Re: [PATCH v4 0/4] arm64: cross-CPU NMI via SDEI

From: Kiryl Shutsemau

Date: Fri Jun 26 2026 - 15:41:42 EST


On Fri, Jun 26, 2026 at 06:07:10PM +0100, Catalin Marinas wrote:
> On Wed, Jun 17, 2026 at 08:20:01PM +0100, Kiryl Shutsemau wrote:
> > - A CPU stopped by the SDEI rung is parked, not powered off via PSCI
> > CPU_OFF. Reaching and dumping the wedged CPU -- the point of the
> > series -- works, and it matches the shared stop path's own park
> > fallback when CPU_OFF is unavailable. The consequence is that an SMP
> > crash-capture kernel cannot re-online such a CPU (it stays "already
> > on"); the capture kernel boots and runs on the remaining CPUs.
> > Powering the stopped CPU off so a capture kernel can reclaim it
> > requires completing the SDEI event and then CPU_OFF, which hit a
> > firmware-specific issue still under investigation; it is left as a
> > follow-up and does not affect the dump's contents.
>
> Just to understand, your firmware cannot cope with a PSCI CPU_OFF from
> the SDEI handler? This is one of the required calls to be supported.

I did chase it a fair bit. Bisecting on Grace: completing the event and
parking (no CPU_OFF) works, and so does the stack-switch + C-call setup
on its own.
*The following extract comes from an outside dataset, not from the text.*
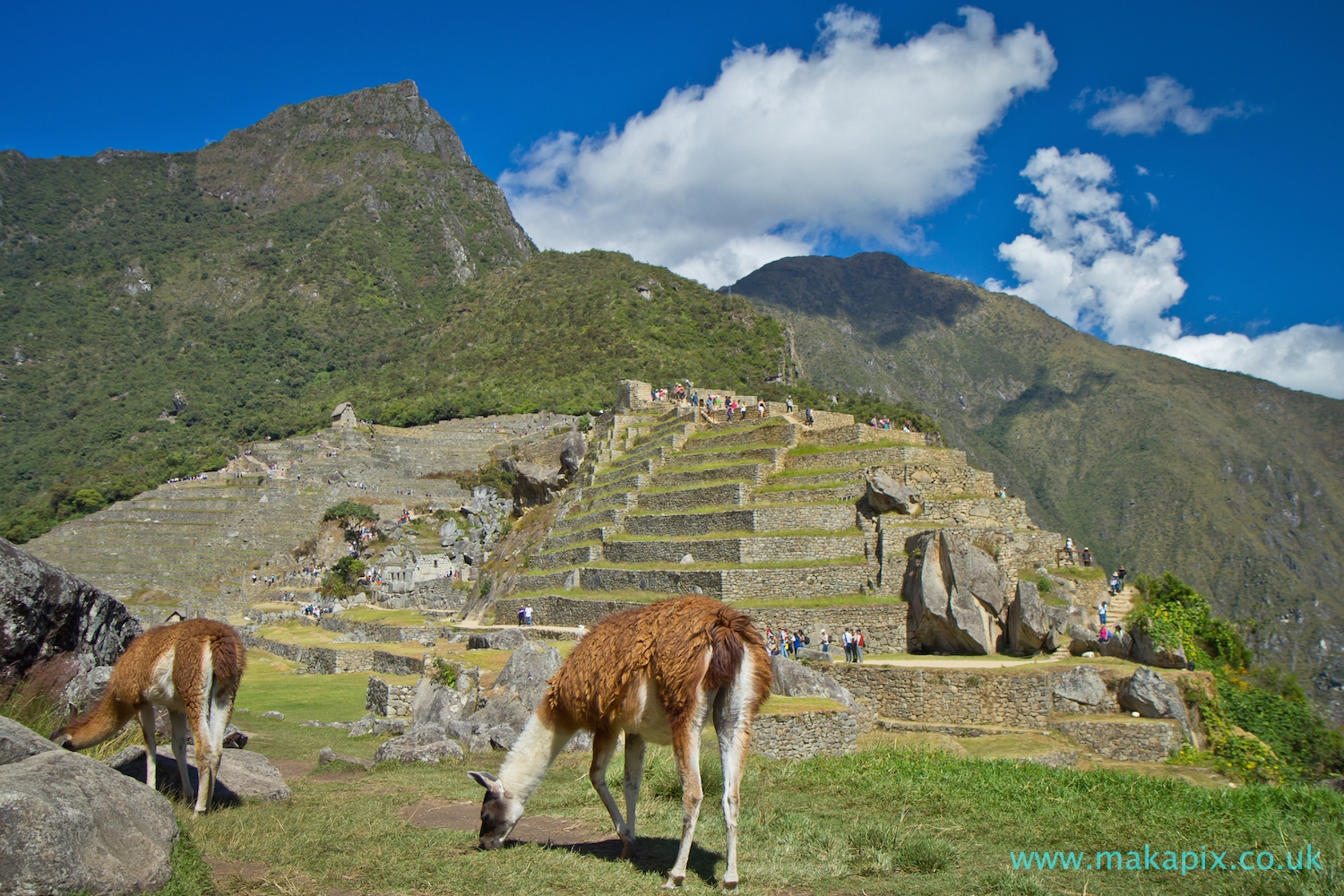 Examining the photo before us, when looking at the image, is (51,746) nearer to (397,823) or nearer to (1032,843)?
(397,823)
The hang only appears once I call PSCI CPU_OFF after the
event -- and it persists even with DAIF masked and the GIC PMR reset
first, so it isn't leftover interrupt/priority state from the dispatch.
It's a silent wedge: no TF-A exception report, nothing after the
last console line.

But I have not tried calling CPU_OFF directly, without completing the
event. I assumed it is required. Will give it a try when I have time.

Either way this is a side quest: it only lets a crash kernel reclaim the
stopped CPU. The dump itself is complete, so it's nice-to-have, not
required for the series.

--
Kiryl Shutsemau / Kirill A. Shutemov